* **Extracted information**

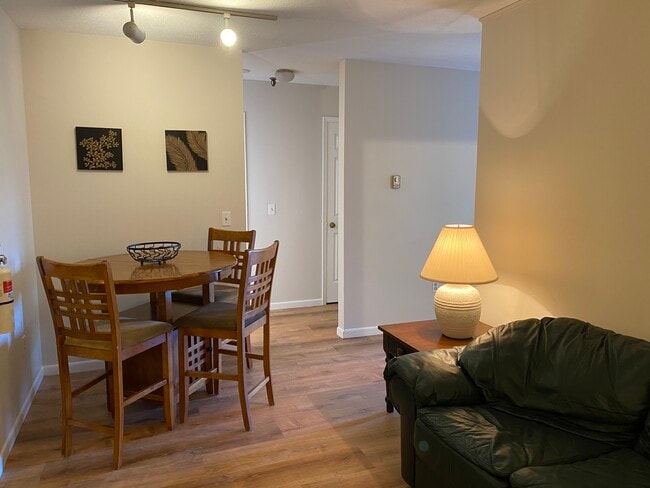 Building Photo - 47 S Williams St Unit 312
* * *
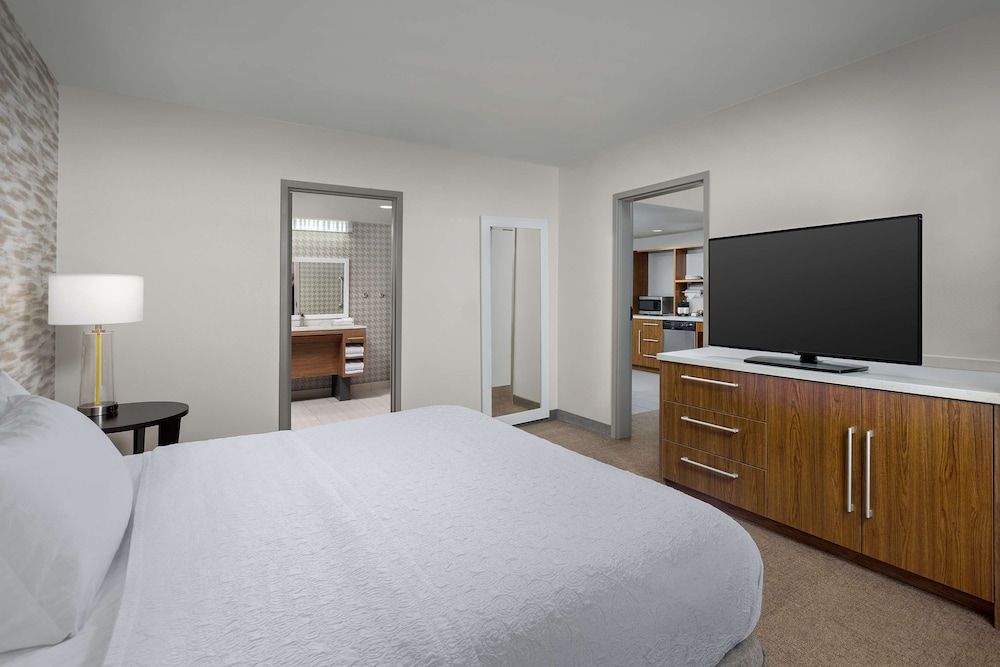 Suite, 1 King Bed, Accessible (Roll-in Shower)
--
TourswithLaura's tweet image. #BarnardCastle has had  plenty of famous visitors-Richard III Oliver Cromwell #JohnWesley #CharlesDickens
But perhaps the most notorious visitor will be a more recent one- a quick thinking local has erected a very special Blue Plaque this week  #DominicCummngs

* **Work to be completed**
Output exactly one stretch of the listing: from the line containing "TourswithLaura's tweet image." through the line containing "But perhaps the", both end lines included.

* **Reply**
TourswithLaura's tweet image. #BarnardCastle has had  plenty of famous visitors-Richard III Oliver Cromwell #JohnWesley #CharlesDickens
But perhaps the most notorious visitor will be a more recent one- a quick thinking local has erected a very special Blue Plaque this week  #DominicCummngs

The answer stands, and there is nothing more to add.